> **DATA PROVIDED**
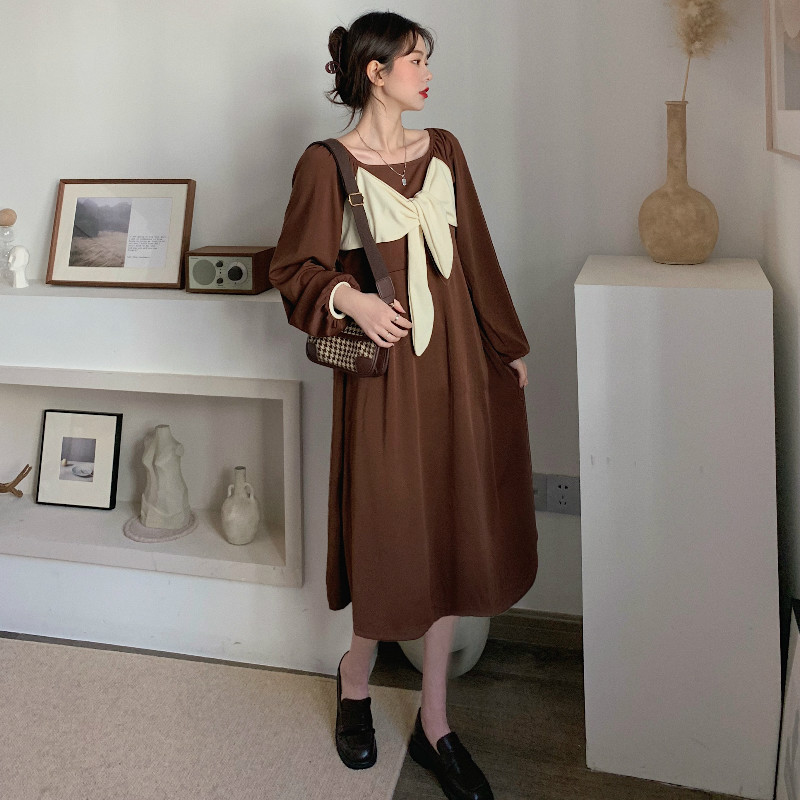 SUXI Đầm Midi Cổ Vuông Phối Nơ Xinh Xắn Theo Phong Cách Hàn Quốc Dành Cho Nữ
--
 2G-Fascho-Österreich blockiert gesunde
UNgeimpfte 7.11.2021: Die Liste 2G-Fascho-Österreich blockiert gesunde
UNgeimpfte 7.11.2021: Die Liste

> **EXERCISE BRIEF**
Search the preceding listing for the word "Liste" and pull out every line that holds it.

> **RESULT**
UNgeimpfte 7.11.2021: Die Liste 2G-Fascho-Österreich blockiert gesunde
UNgeimpfte 7.11.2021: Die Liste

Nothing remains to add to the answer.